→ **Task directions**: Every entry should be reproduced precisely, with each picture left out.

==*==

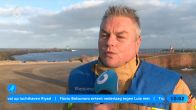 Zoektocht naar vermiste watersporter bij Scheveningen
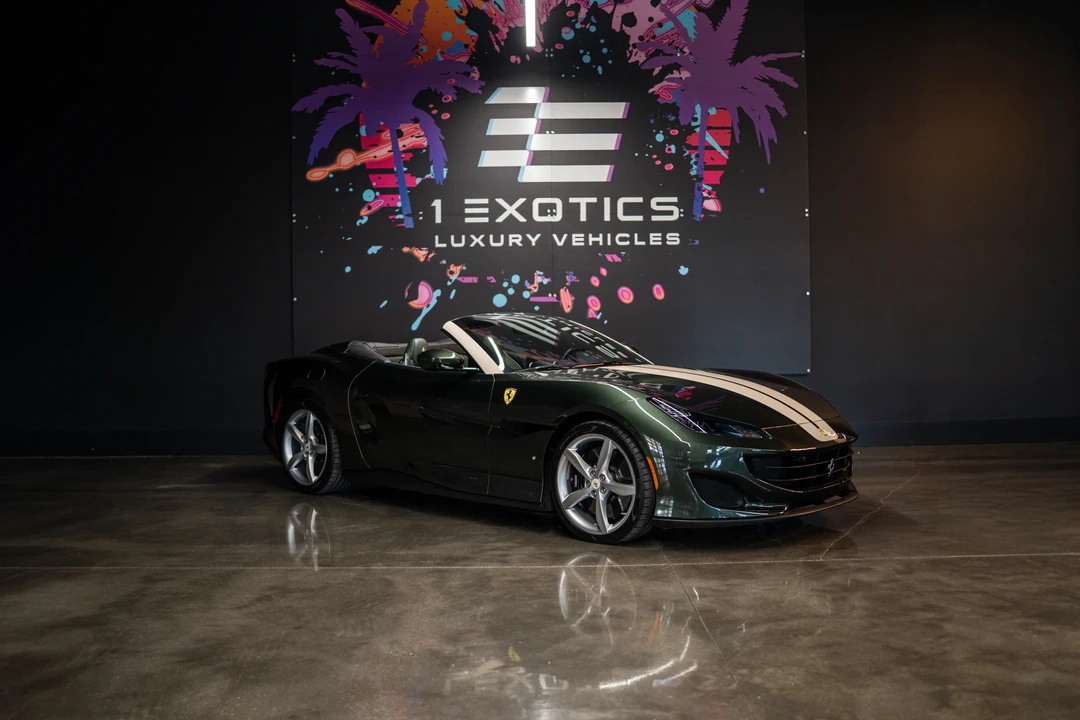 2019 Ferrari Portofino - Image 14 of 31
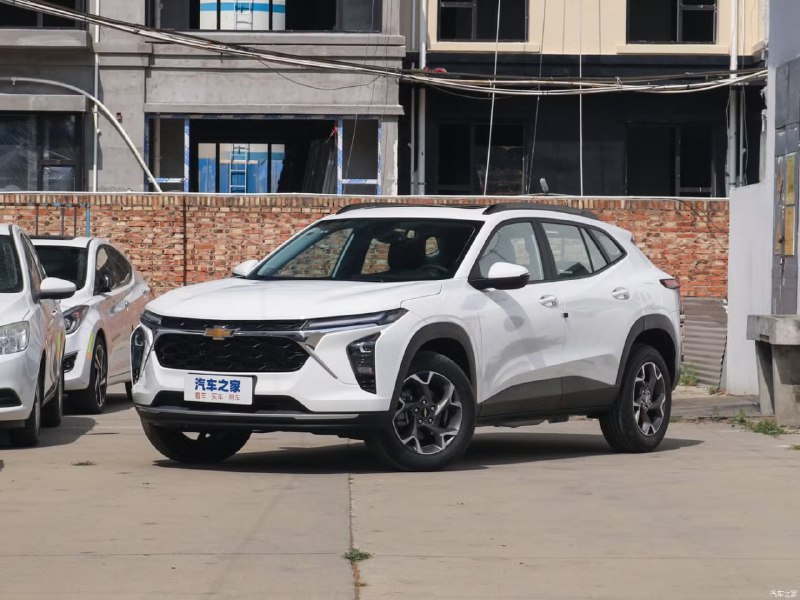 Кроссовер Chevrolet Seeker стал дешевле в России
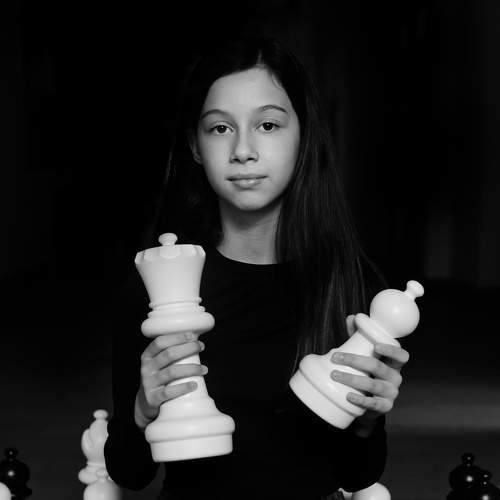 Каждая пешка♟ , может стать Королевой?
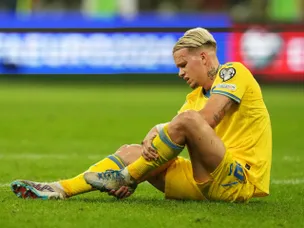 Chelsea dealt Mykhaylo Mudryk injury blow?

==*==

→ **Task response**:
 Zoektocht naar vermiste watersporter bij Scheveningen
 2019 Ferrari Portofino - Image 14 of 31
 Кроссовер Chevrolet Seeker стал дешевле в России
 Каждая пешка♟ , может стать Королевой?
 Chelsea dealt Mykhaylo Mudryk injury blow?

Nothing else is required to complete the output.